Moore’s meeps, named so by one of her students, are “crocheted emotional support orbs.” Based on a knitted “black hole” orb she saw about 10 years ago on Etsy, Moore’s meeps are small and plush—about the size of a Mandarin orange—with shiny, black eyes.

She gave her first crocheted orb to her husband when they were going through difficult times. Moore wanted him to know that he was more than the actions that led to their troubles, and the little orb was to remind him of that. She was surprised to see it always in his pocket or in his hands, not tucked away forgotten in his sock drawer as she had imagined.
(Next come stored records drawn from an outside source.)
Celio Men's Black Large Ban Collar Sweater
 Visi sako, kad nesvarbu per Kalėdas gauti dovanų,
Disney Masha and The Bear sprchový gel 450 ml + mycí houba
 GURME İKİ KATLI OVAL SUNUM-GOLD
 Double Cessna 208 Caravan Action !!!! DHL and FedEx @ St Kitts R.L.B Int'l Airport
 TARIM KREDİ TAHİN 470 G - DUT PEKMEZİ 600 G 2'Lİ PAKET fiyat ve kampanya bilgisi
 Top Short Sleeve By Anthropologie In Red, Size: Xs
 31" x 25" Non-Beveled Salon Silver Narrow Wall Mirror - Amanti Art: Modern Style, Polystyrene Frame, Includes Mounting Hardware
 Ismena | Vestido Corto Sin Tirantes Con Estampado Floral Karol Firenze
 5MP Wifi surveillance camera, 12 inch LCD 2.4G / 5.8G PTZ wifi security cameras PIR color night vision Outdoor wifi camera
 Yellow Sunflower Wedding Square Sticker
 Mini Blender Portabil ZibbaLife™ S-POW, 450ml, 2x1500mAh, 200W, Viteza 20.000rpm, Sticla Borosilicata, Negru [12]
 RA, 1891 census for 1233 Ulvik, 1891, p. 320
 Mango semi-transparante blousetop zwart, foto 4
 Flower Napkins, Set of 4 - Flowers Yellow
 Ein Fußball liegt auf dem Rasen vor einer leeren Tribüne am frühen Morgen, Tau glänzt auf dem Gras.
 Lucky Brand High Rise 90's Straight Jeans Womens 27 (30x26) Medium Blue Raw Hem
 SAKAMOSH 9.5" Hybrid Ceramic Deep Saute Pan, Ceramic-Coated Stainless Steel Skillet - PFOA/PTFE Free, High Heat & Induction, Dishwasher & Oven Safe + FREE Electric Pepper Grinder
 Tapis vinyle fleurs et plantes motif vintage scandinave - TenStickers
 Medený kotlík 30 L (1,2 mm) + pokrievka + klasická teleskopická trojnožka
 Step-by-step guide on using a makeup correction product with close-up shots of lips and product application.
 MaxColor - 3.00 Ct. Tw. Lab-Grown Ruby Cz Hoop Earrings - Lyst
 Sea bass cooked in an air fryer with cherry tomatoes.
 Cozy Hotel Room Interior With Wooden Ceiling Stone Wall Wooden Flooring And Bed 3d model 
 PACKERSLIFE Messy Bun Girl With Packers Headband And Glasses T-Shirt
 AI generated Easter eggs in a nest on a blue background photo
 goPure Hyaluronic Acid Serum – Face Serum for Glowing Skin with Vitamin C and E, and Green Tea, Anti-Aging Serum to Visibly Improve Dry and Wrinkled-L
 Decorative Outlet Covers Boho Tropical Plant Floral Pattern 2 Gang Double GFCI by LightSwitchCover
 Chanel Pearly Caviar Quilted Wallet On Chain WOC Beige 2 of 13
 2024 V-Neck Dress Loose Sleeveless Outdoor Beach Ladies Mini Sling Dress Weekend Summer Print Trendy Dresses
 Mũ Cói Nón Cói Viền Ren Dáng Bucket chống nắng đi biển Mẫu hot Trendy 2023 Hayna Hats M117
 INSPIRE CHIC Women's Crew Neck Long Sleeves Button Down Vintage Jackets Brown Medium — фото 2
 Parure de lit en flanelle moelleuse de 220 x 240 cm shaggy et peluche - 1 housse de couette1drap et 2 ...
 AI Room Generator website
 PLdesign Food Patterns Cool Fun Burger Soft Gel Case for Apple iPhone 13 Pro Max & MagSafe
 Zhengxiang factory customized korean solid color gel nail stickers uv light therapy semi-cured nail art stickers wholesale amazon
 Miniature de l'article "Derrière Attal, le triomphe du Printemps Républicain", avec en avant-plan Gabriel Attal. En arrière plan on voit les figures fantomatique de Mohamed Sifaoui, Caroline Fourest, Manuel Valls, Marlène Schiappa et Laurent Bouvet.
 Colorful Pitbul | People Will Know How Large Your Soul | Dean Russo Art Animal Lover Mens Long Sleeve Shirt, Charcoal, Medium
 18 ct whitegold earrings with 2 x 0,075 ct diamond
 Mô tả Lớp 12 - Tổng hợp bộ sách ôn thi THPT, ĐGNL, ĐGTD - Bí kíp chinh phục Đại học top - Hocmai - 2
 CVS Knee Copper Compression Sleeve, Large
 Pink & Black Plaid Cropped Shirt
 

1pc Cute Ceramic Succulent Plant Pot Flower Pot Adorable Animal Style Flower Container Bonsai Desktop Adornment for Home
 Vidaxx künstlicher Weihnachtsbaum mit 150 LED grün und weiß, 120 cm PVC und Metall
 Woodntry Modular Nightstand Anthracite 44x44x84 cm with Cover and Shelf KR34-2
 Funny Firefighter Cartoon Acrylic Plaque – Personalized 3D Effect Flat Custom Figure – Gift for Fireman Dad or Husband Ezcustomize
Moore, a Montgomery County Public Schools (MCPS) teacher, crocheted a few more and brought them to school. When one of her middle school students was struggling with “life-y things,” Moore gave her a yellow orb named “Sunshine” as a pick-me-up. Like her husband, Moore’s student was always holding her orb, carrying it around everywhere.

Moore knew she was onto something when another student asked if she could hold one while she took a test to help relieve her performance anxiety. When Moore later asked if the orb helped, the student said yes, calling it her “meep.” Moore, an avid Beatles fan, loved the name and christened her movement “All You Meep is Love.”

Since this all began in March of 2019, Moore estimates that she has made and handed out more than 1,000 meeps, which she crochets at night while watching TV or riding in the car on family trips.

Drawing of Maura Moore's meeps
Google Doodle featuring Maura Moore’s meeps created by Eli Martins, age 7, from Fields Road Elementary School

After her meeps were featured on a local website, Moore’s co-workers in other MCPS locations joined in the creation of these crocheted orbs. They distribute them to students, teachers and administrators—anyone in need of a boost or a pat on the back.

In each of her 6th grade English classes, Moore names a “Meep of the Week,” and the honored student gets to select their own orb from a small collection she keeps in her classroom. Recently, Moore has started choosing a “Meep of the Week—Teacher’s Edition” from nominations she receives to acknowledge of all the extra little things teachers do throughout the day.

Since learning to crochet in 2008, the majority of Moore’s handwork has been gifted to others. “It was years before I even made myself a scarf,” Moore says. She loves crocheting Christmas ornaments as small gifts or birthday party favors for her children and once made a crochet owl for a student who was moving away as reminder to continue working hard on her studies. At her previous school, Moore started a crochet club for students to make hats for premature babies in the NICU at Montgomery General Hospital, a way of giving back to the unit where her oldest son spent time after he was born.

Moore’s “All You Meep is Love” movement continues to spread with support from her community. Donations of yarn, Poly-fil and black eyes show up at her school and in her mailbox on a regular basis. Her meeps are the inspiration for an annual student-created opera at another MCPS school, and Moore is working on a children’s book inspired by Mary Oliver’s poem “Wild Geese” about her crocheted orbs.

Moore gets great pleasure in seeing her meeps in action, brightening someone’s day and spreading kindness, and is frank about her own transformation because of them. She speaks of rising from the ashes like the phoenix she wears on a chain around her neck and notes the symbolism of the pearl necklace that hangs alongside it—oysters make something beautiful out of the grit in its shell. It’s the lesson she wants her three young sons to learn as well as all those lucky enough to receive one of her meeps.